This was the big news story in Alaska for several days that week. A child and her babysitter were viciously attacked by the family pet pit bull. The owner surrendered the dog, waited for the girls father to return from his deployment in Iraq, and watched as his six-year-old daughter was taken off life support after she went into an irreversably vegetative state.
I don’t know how other Alaska residents felt about the pit bull joke, and obviously her audience loved it, but most of us here in “small town America” probably didn’t find it particularly funny."
I'm hiding out on the intertubes so I don't have to watch Sarah Palin. And Project Runway was much more fun than Huckabee et al. (Lee Ann won AGAIN!)
Am interested to hear what those of you with strong stomachs thought.
Am interested to hear what those of you with strong stomachs thought.
Good grief. It's not like she is the sitting President, a Republican who took a budget surplus and ran it into a record deficit by lying his way into two huge nation-building enterprises laden with billion-dollar crony contracts. It's not like she is one of the thousands of Republicans who worked to erode government controls over lending institutions, triggering financial collapse and billion-dollar bank bailouts.
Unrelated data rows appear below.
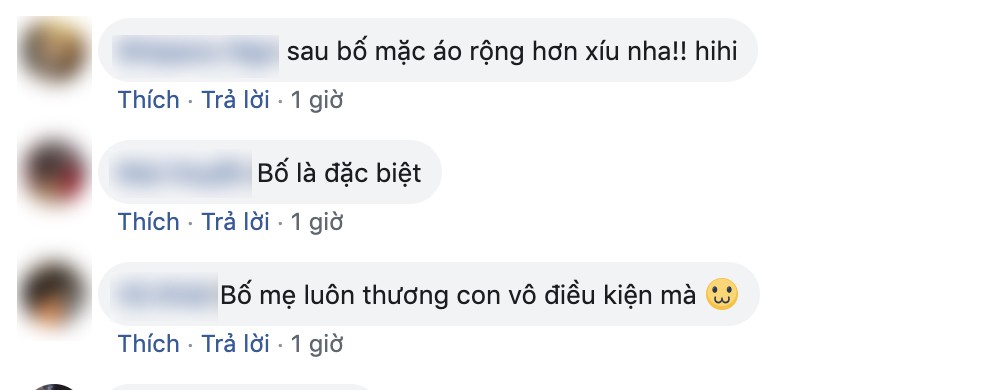 Bức ảnh gây sốt MXH trong một chiều mưa mùa Hạ: Bố luôn yêu thương và che chở cho con theo cách của riêng mình-2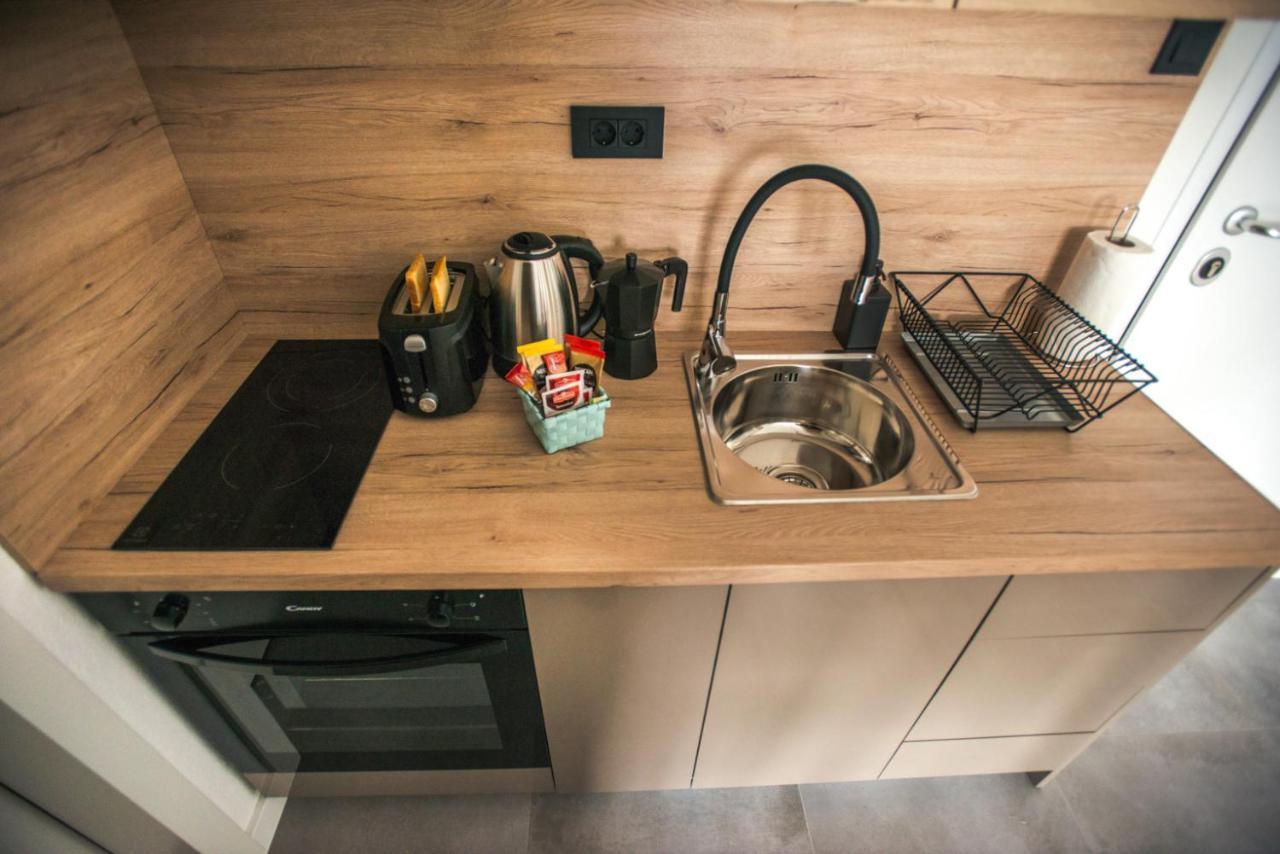 Studio Apartman Dakovo In Zewnętrze zdjęcie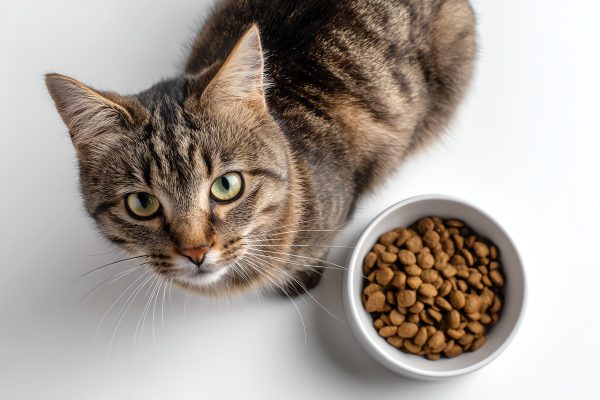 Alimentos Essenciais para a Saúde e Longevidade dos Gatos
Hell, she is a reformer. There was a non-zero chance she might tell Harriet Miers, Josh Bolton and Karl Rove to march their traitor asses over to Congress and answer questions. It was a slim chance, but it was enough to get me to listen. I did get to hear the silence from the herd when she mentioned Truman.
I'm too creeped out by this article to listen to Palin speak.
I'm creeped out by pretty much everything about Sarah Palin.
Hey, bro-in-law thinks Sarah was brave to mention that McCain was a prisoner of war.
"I think people need to know that."
Thanks' bro.
your probably not going to vote either
-Sugarfatpie (AKA Alex Pulsipher)
"X-Rays are a hoax."-Lord Kelvin
I stopped watching after Rudy led the crowd in a rousing cheer of "Drill, Baby, Drill!" Surreal.
I don't think I've ever seen a crowd get so excited about an oil well, other than those who are making money from one.
Brian A.
I'd rather be cycling.
Giuliani is a moron. Democrats didn't give up America, we gave up on believing our incompetent president could fix his screw-ups.
Brian A.
I'd rather be cycling.
I was welding my muffler at a friends house in Fountain City. What happened?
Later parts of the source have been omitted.